--- START ---

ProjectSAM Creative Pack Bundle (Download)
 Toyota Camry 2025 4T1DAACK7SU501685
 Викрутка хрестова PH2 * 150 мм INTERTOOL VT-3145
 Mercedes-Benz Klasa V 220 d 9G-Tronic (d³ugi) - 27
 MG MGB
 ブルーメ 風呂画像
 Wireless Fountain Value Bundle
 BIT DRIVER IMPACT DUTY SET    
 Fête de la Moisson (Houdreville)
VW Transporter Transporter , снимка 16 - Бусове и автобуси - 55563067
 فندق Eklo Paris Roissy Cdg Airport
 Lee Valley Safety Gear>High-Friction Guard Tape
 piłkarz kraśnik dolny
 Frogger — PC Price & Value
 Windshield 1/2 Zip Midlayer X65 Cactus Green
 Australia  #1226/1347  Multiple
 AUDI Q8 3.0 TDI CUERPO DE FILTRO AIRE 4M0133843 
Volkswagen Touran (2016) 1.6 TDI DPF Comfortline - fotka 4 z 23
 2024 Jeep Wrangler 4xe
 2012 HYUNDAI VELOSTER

--- END ---

**THE TASK:** Each line from the beginning of the entries to the line with "BIT DRIVER IMPACT DUTY SET" must be repeated exactly, with both end lines kept and no other lines given.

**ANSWER FOR THIS EXERCISE:**
ProjectSAM Creative Pack Bundle (Download)
 Toyota Camry 2025 4T1DAACK7SU501685
 Викрутка хрестова PH2 * 150 мм INTERTOOL VT-3145
 Mercedes-Benz Klasa V 220 d 9G-Tronic (d³ugi) - 27
 MG MGB
 ブルーメ 風呂画像
 Wireless Fountain Value Bundle
 BIT DRIVER IMPACT DUTY SET    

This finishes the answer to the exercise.